AS the original amount is quite large and the sorting takse a long time I took the original dataset in 30 separate pieces and started a command on each one of them simultaneously. (hoping for a 30X win in calculation time)
so I started the following bash skript
./mothur "#fastq.info(fastq=okt2012_001.assembled.fastq, oligos=12oligos.tsv, pdiffs=1, bdiffs=0,checkorient=T)" &
./mothur "#fastq.info(fastq=okt2012_002.assembled.fastq, oligos=12oligos.tsv, pdiffs=1, bdiffs=0,checkorient=T)" &
....etc.
./mothur "#fastq.info(fastq=okt2012_030.assembled.fastq, oligos=12oligos.tsv, pdiffs=1, bdiffs=0,checkorient=T)" &
wait
I ran for several days and produced 30x8 fastq,fasta,qual output files (8 bardcoded samples samples).

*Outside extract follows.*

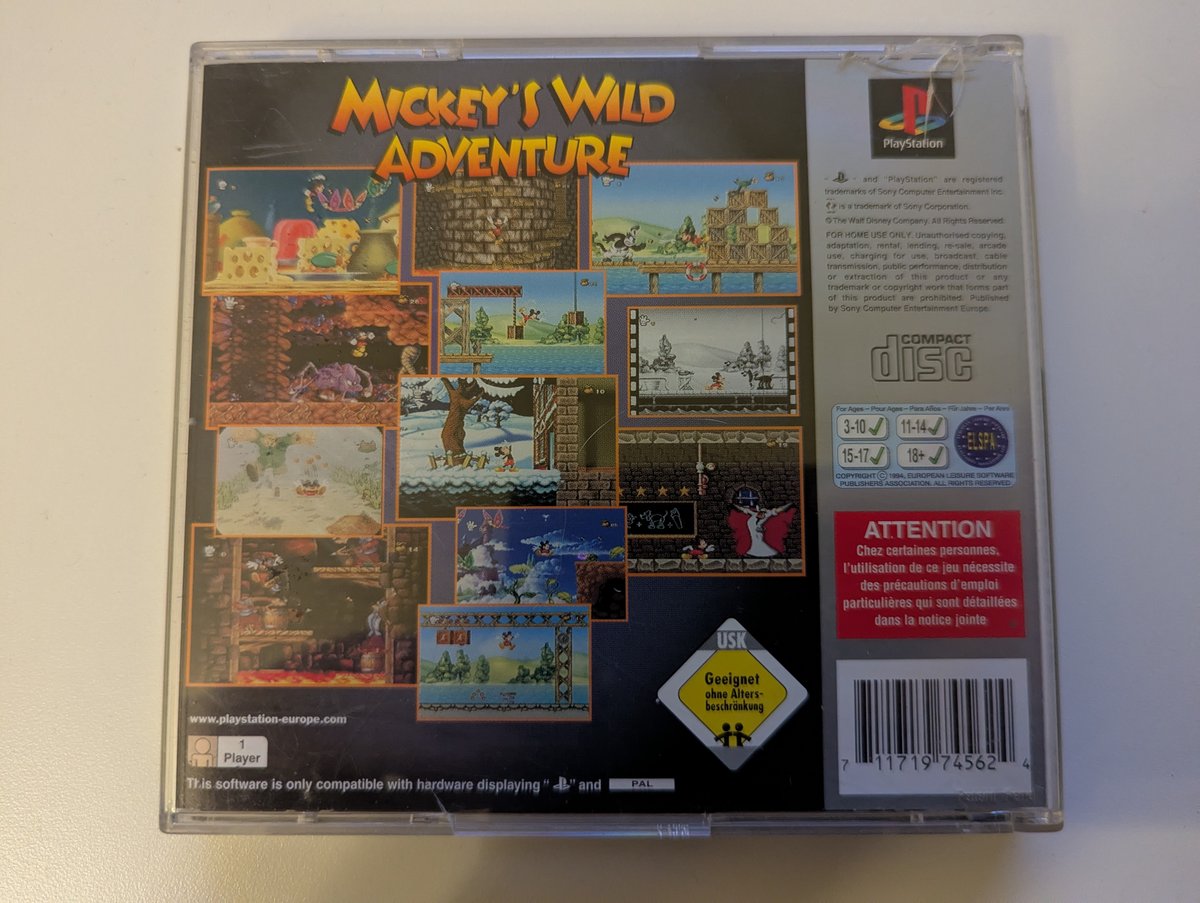 Mickey's Wild Adventure - Back Cover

It also produced ONE logfile with a content like this
mothur > fastq.info(fastq=okt2012_005.assembled.fastq, oligos=12oligos.tsv, pdiffs=1, bdiffs=0,checkorient=T)
10000
20000
... etc.
....
3748143
Output File Names:
okt2012_010.assembled.B10_ATCGCT.AGAGGT.CAACGCGARGAACCTTACC.GTCGTCAGCTCGTGTTGT.fastq
okt2012_010.assembled.B10_ATCGCT.AGAGGT.CAACGCGARGAACCTTACC.GTCGTCAGCTCGTGTTGT.fasta
okt2012_010.assembled.B10_ATCGCT.AGAGGT.CAACGCGARGAACCTTACC.GTCGTCAGCTCGTGTTGT.qual
okt2012_010.assembled.B17_ATCGCT.AGAACC.CAACGCGARGAACCTTACC.GTCGTCAGCTCGTGTTGT.fastq
okt2012_010.assembled.B17_ATCGCT.AGAACC.CAACGCGARGAACCTTACC.GTCGTCAGCTCGTGTTGT.fasta
okt2012_010.assembled.B17_ATCGCT.AGAACC.CAACGCGARGAACCTTACC.GTCGTCAGCTCGTGTTGT.qual
okt2012_010.assembled.B20_ATCGCT.GTGTAG.CAACGCGARGAACCTTACC.GTCGTCAGCTCGTGTTGT.fastq
okt2012_010.assembled.B20_ATCGCT.GTGTAG.CAACGCGARGAACCTTACC.GTCGTCAGCTCGTGTTGT.fasta
okt2012_010.assembled.B20_ATCGCT.GTGTAG.CAACGCGARGAACCTTACC.GTCGTCAGCTCGTGTTGT.qual
okt2012_010.assembled.B30_ATCGCT.GTCATG.CAACGCGARGAACCTTACC.GTCGTCAGCTCGTGTTGT.fastq
okt2012_010.assembled.B30_ATCGCT.GTCATG.CAACGCGARGAACCTTACC.GTCGTCAGCTCGTGTTGT.fasta
okt2012_010.assembled.B30_ATCGCT.GTCATG.CAACGCGARGAACCTTACC.GTCGTCAGCTCGTGTTGT.qual
okt2012_010.assembled.B32_CATGGT.GGTGTT.CAACGCGARGAACCTTACC.GTCGTCAGCTCGTGTTGT.fastq
okt2012_010.assembled.B32_CATGGT.GGTGTT.CAACGCGARGAACCTTACC.GTCGTCAGCTCGTGTTGT.fasta
okt2012_010.assembled.B32_CATGGT.GGTGTT.CAACGCGARGAACCTTACC.GTCGTCAGCTCGTGTTGT.qual
okt2012_010.assembled.B33_CATGGT.GACCAA.CAACGCGARGAACCTTACC.GTCGTCAGCTCGTGTTGT.fastq
okt2012_010.assembled.B33_CATGGT.GACCAA.CAACGCGARGAACCTTACC.GTCGTCAGCTCGTGTTGT.fasta
okt2012_010.assembled.B33_CATGGT.GACCAA.CAACGCGARGAACCTTACC.GTCGTCAGCTCGTGTTGT.qual
okt2012_010.assembled.B35_CATGGT.CTAACG.CAACGCGARGAACCTTACC.GTCGTCAGCTCGTGTTGT.fastq
okt2012_010.assembled.B35_CATGGT.CTAACG.CAACGCGARGAACCTTACC.GTCGTCAGCTCGTGTTGT.fasta
okt2012_010.assembled.B35_CATGGT.CTAACG.CAACGCGARGAACCTTACC.GTCGTCAGCTCGTGTTGT.qual
okt2012_010.assembled.O3018_GCCATT.GTCTCA.CAACGCGARGAACCTTACC.GTCGTCAGCTCGTGTTGT.fastq
okt2012_010.assembled.O3018_GCCATT.GTCTCA.CAACGCGARGAACCTTACC.GTCGTCAGCTCGTGTTGT.fasta
okt2012_010.assembled.O3018_GCCATT.GTCTCA.CAACGCGARGAACCTTACC.GTCGTCAGCTCGTGTTGT.qual
okt2012_010.assembled.fasta
okt2012_010.assembled.qual
okt2012_010.assembled.scrap.fastq
okt2012_010.assembled.scrap.fasta
okt2012_010.assembled.scrap.qual
[WARNING]: your sequence names contained ':'. I changed them to '_' to avoid problems in your downstream analysis.
mothur > quit()
So is such simultaneous execution of mothur messing with it’s logging function? It seems to missed logging of most of the commands and logged the start of one command and end of another into One single log-file. Are my results still reliable - is it OK to run mothur in such a way as I have done. If not can i get any other hint how to run large amount of mothur jobs in parallel if needed.